Perhaps. But, if so, why is your report filled with gloom and doom? According to your Nobel economist columnist, Paul Krugman, the great sage whose wisdom we must now rely upon to guide us out of recession is John Maynard Keynes. Keynes famously believed that economic downturns are caused by excessive saving. Surely if this late Cambridge Don were correct, companies that pump less money into their employees' savings in order to spend more money staying afloat are national benefactors.

Sincerely,
Donald J. Boudreaux
Chairman, Department of Economics
George Mason University
Do NY Times Reporters Read the NY Times?
21 December 2008

Editor, The New York Times
229 West 43rd St.
New York, NY 10036

To the Editor:

Your front-page report on George W. Bush's role in the housing crisis is stunningly inaccurate ("White House Philosophy Stoked Mortgage Bonfire," December 21). Had your reporters read "Fannie Mae Eases Credit To Aid Mortgage Lending," a report appearing in your pages on September 30, 1999,* they would have found this fact that contradicts their allegation that government efforts to artificially and dangerously promote home-ownership began with the current administration: "Fannie Mae, the nation's biggest underwriter of home mortgages, has been under increasing pressure from the Clinton Administration to expand mortgage loans among low and moderate income people."

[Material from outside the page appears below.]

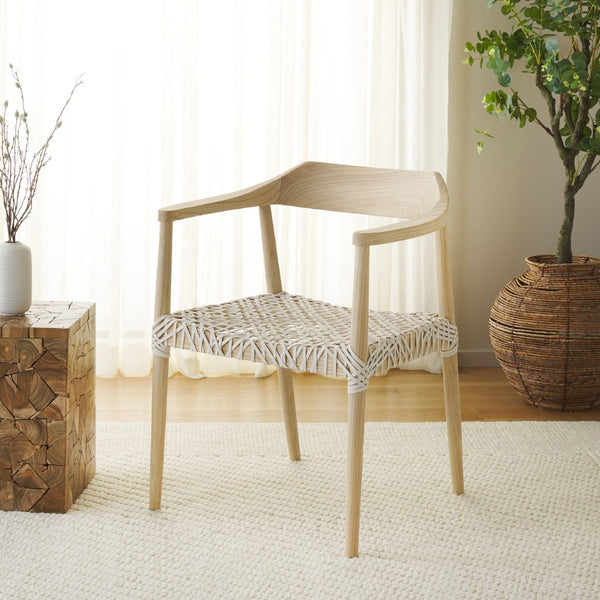 Safavieh Munro Leather Woven Accent Chair: Mid-Century Inspired Design With Teak Frame For Modern Living Spaces Natural / White ACH1005F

And your reporters would have found also this prescient warning: "'From the perspective of many people, including me, this is another thrift industry growing up around us,' said Peter Wallison a resident fellow at the American Enterprise Institute. 'If they fail, the government will have to step up and bail them out the way it stepped up and bailed out the thrift industry.'"

Your reporters are either lazy or partisan or both.

Sincerely,
Donald J. Boudreaux
Chairman, Department of Economics
George Mason University

* http://query.nytimes.com/gst/fullpage.html?res=9c0DE7DB153EF933A0575AC0A96F958260&sec=&spon=&pagewanted=all
Seeing Matters Especially Clearly
19 December 2008

Editor, Washington Post
1150 15th St., NW
Washington, DC 20071

Dear Editor:

Re "Blagojevich Allegations Are Expanded" (December 19): The continued surprise at the scandalous acts of Illinois Gov. Rod Blagojevich is, well, surprising. Anyone with open eyes sees that such behavior is to be expected from those who successfully seek power by winning the popularity contests we call "elections." H.L. Mencken certainly saw reality with eyes open and vision acute:

"For if experience teaches us anything at all it teaches us this: that a good politician, under democracy, is quite as unthinkable as an honest burglar. His very existence, indeed, is a standing subversion of the public good in every rational sense. He is not one who serves the common weal; he is simply one who preys upon the commonwealth. It is to the interest of all the rest of us to hold down his powers to an irreducible minimum, and to reduce his compensation to nothing; it is to his interest to augment his powers at all hazards, and to make his compensation all the traffic will bear."*

Sincerely,
Donald J. Boudreaux
Chairman, Department of Economics
George Mason University

* H.L. Mencken, Prejudices (Baltimore: The Johns Hopkins Press, 1996 [1919]), p. 172.